Let’s believe this Christmas, and let’s get close, so that His joy overflows through us to a world that needs to see God’s smile.

Posted in Luke

Mary’s Faith

“Blessed is she who believed that there would be a fulfillment of what had been spoken to her by the Lord.” Luke 1:4

When Elizabeth gives this greeting to Mary I think she is contrasting Mary’s faith in the word of the Lord, to her husband’s unbelief. Before we look at the example of Mary’s faith, I want to look at why sometimes it’s hard to believe.  Zacharias asked this question to the angel who appeared to him and said he and his wife were going to have a baby: “How will I know this for certain? For I am an old man and my wife is advanced in years.” (Luke 1:18) This question led to this response from the angel: “You shall be unable to speak until the day when these things take place, because you did not believe my words, which will be fulfilled in their proper time.” (Luke 1:20)

What was behind Zacharias’ unbelief? I think he didn’t want to become vulnerable again by believing, only to have his and his wife’s hopes for a baby go unfulfilled. The great disappointment of their marriage was that they hadn’t been able to have children. How many times had they prayed and believed God for a child? When they were young I bet their hopes were high and their anticipation was great. When it didn’t happen right away I can imagine they had the local rabbi pray for them, as well as anyone else who was close to them, yet in all their longing and all their praying, there was still no child. Every time they heard a baby cry they were reminded that they couldn’t have children. Every time someone else rejoiced over the news that they were pregnant, they were empty inside, even as they offered congratulations. It is easy when our prayers seem to go unanswered to assume they were not heard, and then in an act of self protection from disappointment, harden our hearts. 

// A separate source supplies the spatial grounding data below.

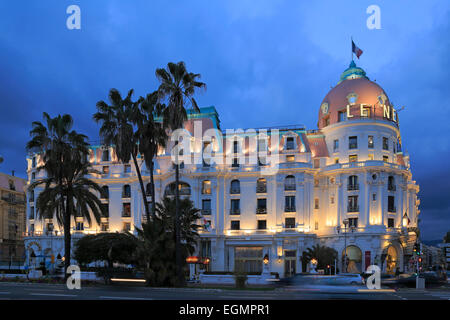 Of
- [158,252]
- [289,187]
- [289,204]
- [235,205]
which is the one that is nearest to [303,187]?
[289,187]

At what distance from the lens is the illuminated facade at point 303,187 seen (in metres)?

Let’s look at Mary’s faith. She was convinced of God’s love and mercy toward her. (Luke 1:50) She believed that God’s word was true and that it would be fulfilled even if she couldn’t understand how God would do it. (Luke 1:34) She refused to believe that God only did things in the past, but was confident He was present, powerful, and active in her day, wanting to extend His mighty arm for the humble and to fill the desperate with good things from His generous heart. (Luke 1:51; 53) She also had a tender heart that was ready to believe whatever the Lord might speak to her.

Where are you at? Have you hardened your heart because life isn’t working out the way you hoped? Maybe the Lord wants to do something wonderful for you and is waiting for you to soften your heart again.

Posted in Luke

Preparation

“And you, my son, will be called the prophet of the most High, because you will prepare the way for the Lord.” Luke 1:76

There had been no prophet in Israel for 400 years.  Maybe Zechariah was a picture of all Israel when he refused to believe the angel who said he had come to promise a child in response to his prayers.  Maybe he was discouraged and had given up on those prayers from long ago when he and his wife were young?

We don’t know, but we do know that the judgment for not believing was silence that lasted the whole nine months of Elizabeth’s pregnancy. The text above records some of the first words he spoke when God loosened his tongue at his son’s (John the Baptist) birth.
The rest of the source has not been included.